◆ **WHAT IS BEING ASKED**
Below are the entries. Print only the lines starting at the one with "Vacances en montagne" and ending at the one with "D-EQXG @ EDLP", exactly, with no pictures.

◆ **STUDY MATERIAL**
━━━
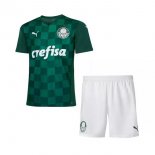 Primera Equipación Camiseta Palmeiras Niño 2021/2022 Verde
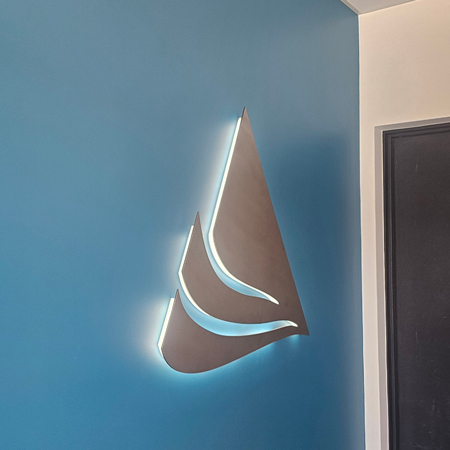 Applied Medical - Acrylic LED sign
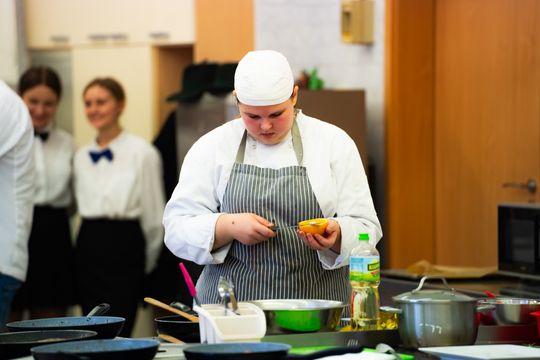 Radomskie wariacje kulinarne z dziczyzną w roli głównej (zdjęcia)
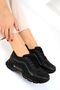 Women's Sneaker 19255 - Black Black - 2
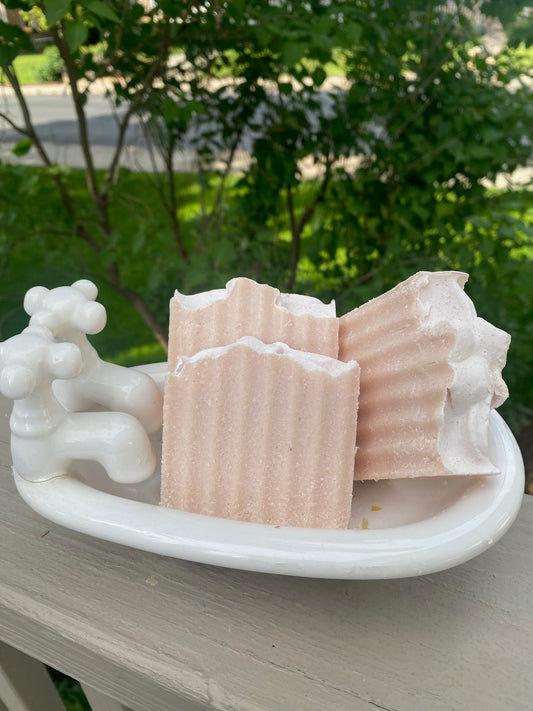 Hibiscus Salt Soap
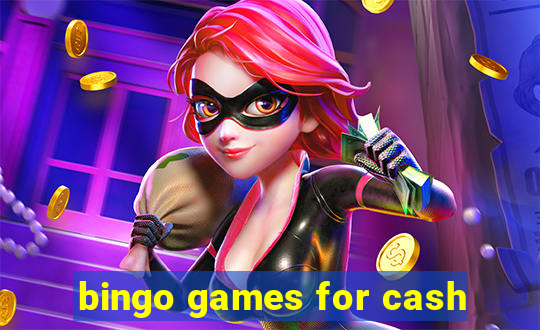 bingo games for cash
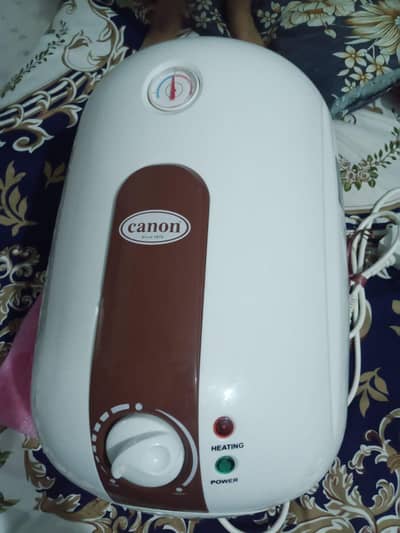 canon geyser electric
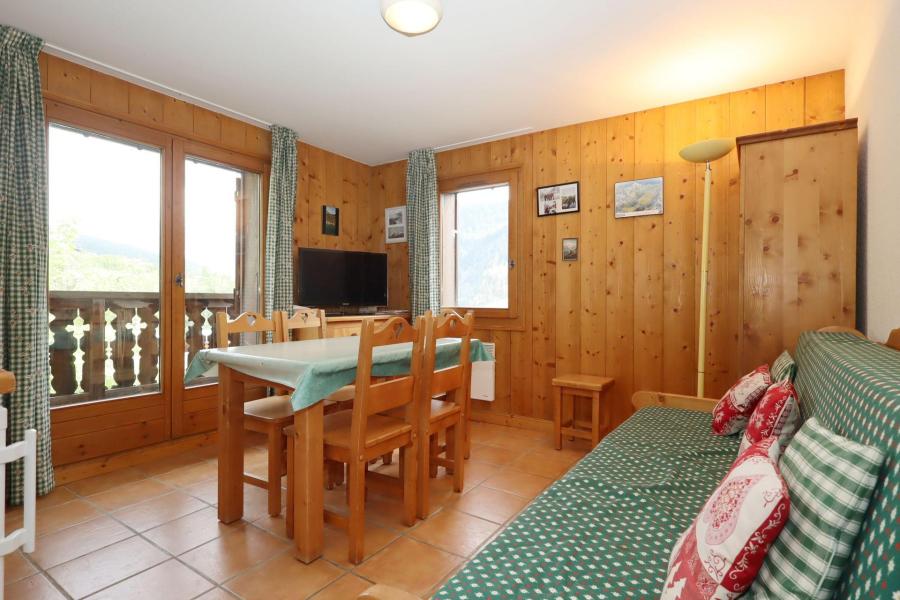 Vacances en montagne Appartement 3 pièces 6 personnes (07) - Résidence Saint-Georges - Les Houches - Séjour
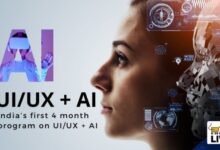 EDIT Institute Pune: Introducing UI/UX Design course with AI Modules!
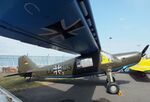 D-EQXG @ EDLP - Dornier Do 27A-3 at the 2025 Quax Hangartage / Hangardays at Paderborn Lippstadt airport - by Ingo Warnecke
━━━
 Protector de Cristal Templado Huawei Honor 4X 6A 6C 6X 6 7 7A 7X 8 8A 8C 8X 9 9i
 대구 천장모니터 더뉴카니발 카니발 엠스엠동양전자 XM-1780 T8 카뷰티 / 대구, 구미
━━━
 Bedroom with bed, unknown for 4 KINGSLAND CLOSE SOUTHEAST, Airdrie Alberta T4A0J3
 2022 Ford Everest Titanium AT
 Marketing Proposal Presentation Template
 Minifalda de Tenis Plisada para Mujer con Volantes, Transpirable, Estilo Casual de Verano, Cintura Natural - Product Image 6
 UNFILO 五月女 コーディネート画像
━━━
◆ **FINAL ANSWER**
 Vacances en montagne Appartement 3 pièces 6 personnes (07) - Résidence Saint-Georges - Les Houches - Séjour
 EDIT Institute Pune: Introducing UI/UX Design course with AI Modules!
 D-EQXG @ EDLP - Dornier Do 27A-3 at the 2025 Quax Hangartage / Hangardays at Paderborn Lippstadt airport - by Ingo Warnecke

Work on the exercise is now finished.